In order to reduce the drift loss of small droplets sprayed at low altitudes and low volume, a two-channel two-phase electric centrifugal nozzle was designed. The three-dimensional full-size numerical simulation of the flow field in the nozzle was carried out using Fluent software, and the radial distribution characteristics and axial variation of the flow field were studied. The relationships between the motor voltage and the atomizing disc's speed, between the nozzle's inlet pressure and its flow rate were determined.
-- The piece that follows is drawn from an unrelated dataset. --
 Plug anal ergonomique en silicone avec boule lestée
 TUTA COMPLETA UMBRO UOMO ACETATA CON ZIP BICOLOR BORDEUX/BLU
The variations of the droplet size and the droplet spectrum width with the atomizing disc and flow rate were revealed. The results showed that the rotation speed and flow rate were the important factors affecting the droplet's middle diameter and spectrum width. When the rotation speed of atomizing disc was 4000 r/min, the droplet spectrum width exhibited the narrowest, and the middle diameter of the droplet volume was 231.9 μm. The droplet coverage density was higher, meeting the requirements of low-volume aviation spraying control. This study provides a theoretical basis for optimizing nozzle configuration and developing variable spray devices.

Abstract in Chinese

为了减少低空低量喷洒中小雾滴的飘移损失，本文设计了一种双流道两相电动离心喷嘴。通过 Fluent 软件对喷嘴内流场进行三维全尺寸数值模拟，研究了喷嘴稳定喷雾时内流场径向分布特性及轴向变化规律。通过试验明确了电机电压与雾化盘转速、喷嘴入水口压力与其流量间的关系，揭示了雾滴粒径和雾滴谱宽度随喷嘴流量、雾化盘转速的变化规律。结果表明，该电动离心喷嘴可有效改善雾化盘底部液膜分布及喷雾均匀性，提高药液雾化效果。转速和流量是影响雾滴体积中径和雾滴谱宽度的重要因素。当雾化盘转速为4000r/min时，雾滴谱宽度最窄，此时雾滴体积中径为231.9μm，雾滴覆盖密度较高，可满足航空低量喷洒的防治要求。该研究为优化喷嘴构型，研发变量喷雾装置提供了理论基础。